19世紀から長い間、『大フーガ』への理解は進まず、あるいは失敗作と見なす向きもあった。ルイ・シュポーアは、ベートーヴェンの他の後期作品と併せて「わけのわからない、取り返しのつかない恐怖」と怯え、ダニエル・グレゴリー・メイソンは「人好きのしない」曲であるとした。19世紀末の歌曲の大家フーゴー・ヴォルフでさえ、この曲を含むベートーヴェンの晩年の弦楽四重奏曲を「中国語のように不可解である」と評している。

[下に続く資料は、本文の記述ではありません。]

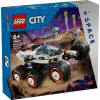 Lego City 60431 Vesmírny prieskumný rover a mimozemský život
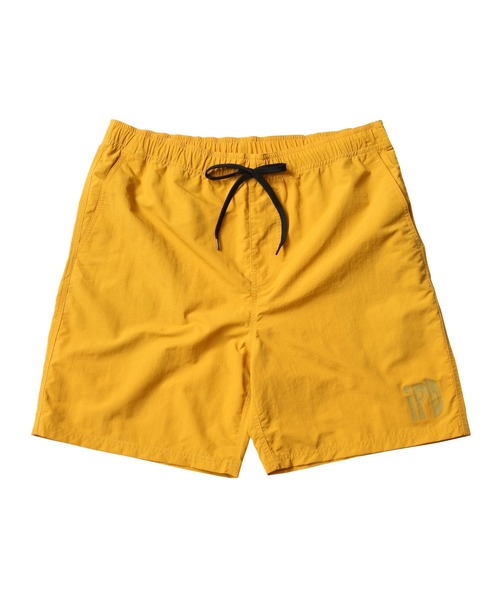 IPD(アイピーディー)の「【IPD】 CM SURF CLUB NYLON SHORTS CMサーフクラブナイロンショーツ(その他パンツ・メンズ・ブラック/カーキ/イエロー・MEDIUM/LARGE/X-LARGE)」の10枚目の写真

しかし20世紀初頭ごろからようやく理解され始め、次第に評価は好転、現在ではベートーヴェンの偉大な業績の一つとみなされている。イーゴリ・ストラヴィンスキーは、「絶対的に現代的な楽曲。永久に現代的な楽曲」と述べている。今日では普通に演奏・録音されるようになっており、録音では第13番の後に『大フーガ』が併録されていることが多い。

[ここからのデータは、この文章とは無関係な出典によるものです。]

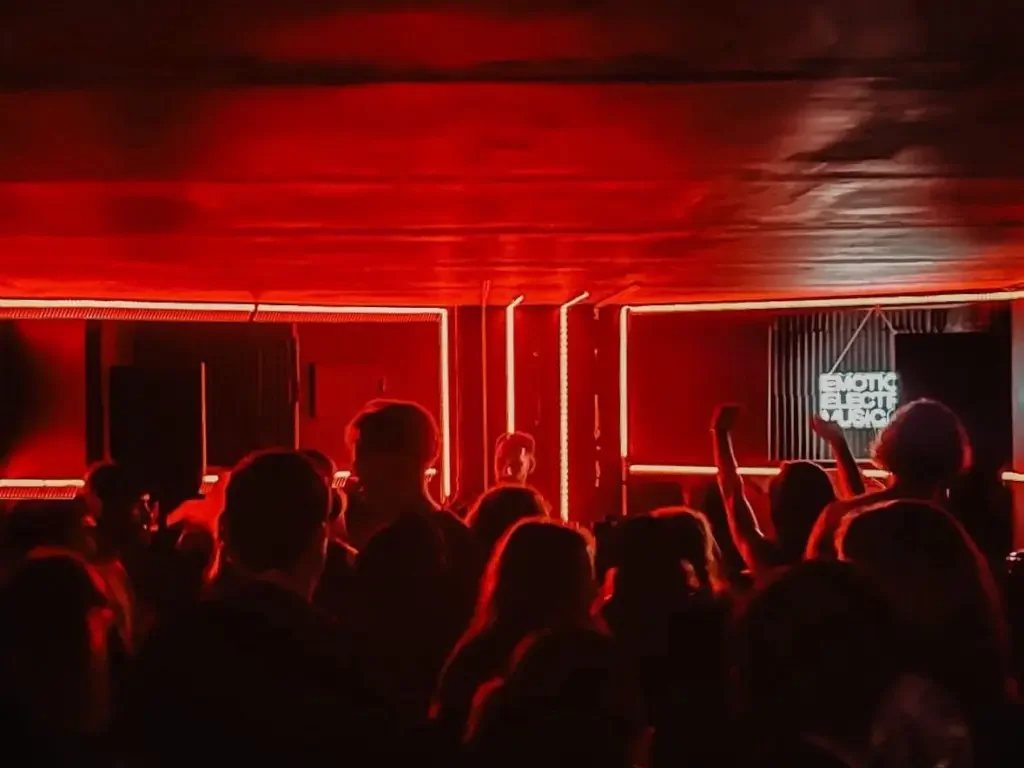 Basement Club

フェリックス・ワインガルトナーは、コントラバスのパートを加えた弦楽合奏用の編曲を残している。またアルフレート・シュニトケは弦楽四重奏曲第3番(1983年)にて、『大フーガ』の主題を重要な動機の一つとして扱っている
【演奏の模樣】
①ベートーヴェン:弦楽四重奏曲 ヘ長調 Hess34
この曲は、上記(曲について)に示す様に、自作のピアノソナタ第9番を編曲したものです。全3楽章構成。元となったピアノソナタよりも全ての楽章が半音高く編曲されています。即ち、第1楽章 (元)ホ長調⇒(編)へ長調。第二楽章(元)ホ短調―ハ長調 ⇒(編)ヘ短調―変ニ長調。 第三楽章 (元)ホ長調 ⇒(編)ヘ長調。

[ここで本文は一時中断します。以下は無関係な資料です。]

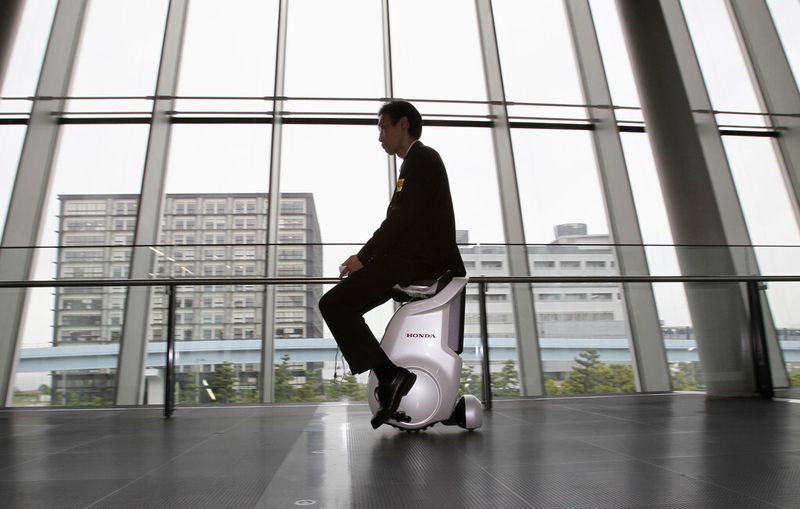  (Honda)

元の第9番のピアノソナタが、第8番の『悲愴』とはうって変わって、深刻さの無い軽妙な明るさを有していて、またその構造が室内楽的四声部の書法で書かれていたので、編曲もし易く、完成した弦楽四重奏曲を、ピアノソナタ9番と同様、某男爵夫人に献呈し易いとベートーヴェンは考えたのでしょう。弦楽四重奏曲に編曲されたピアノソナタはこれだけでした。
第1楽章 アレグロ・モデラート ヘ長調
第2楽章 アレグレットヘ短調 - 変ニ長調
第3楽章 アレグロヘ長調
この曲の大雑把な特徴は、第1、明るい第1主題と、半音階的な第2主題による。提示部では弱奏で、再現部では強奏になっている。第2メヌエット風の楽章。トリオの主題を用いたコーダが付いている。第3.第1主題が再現されるときに、シンコペーションで変奏されている、等でした。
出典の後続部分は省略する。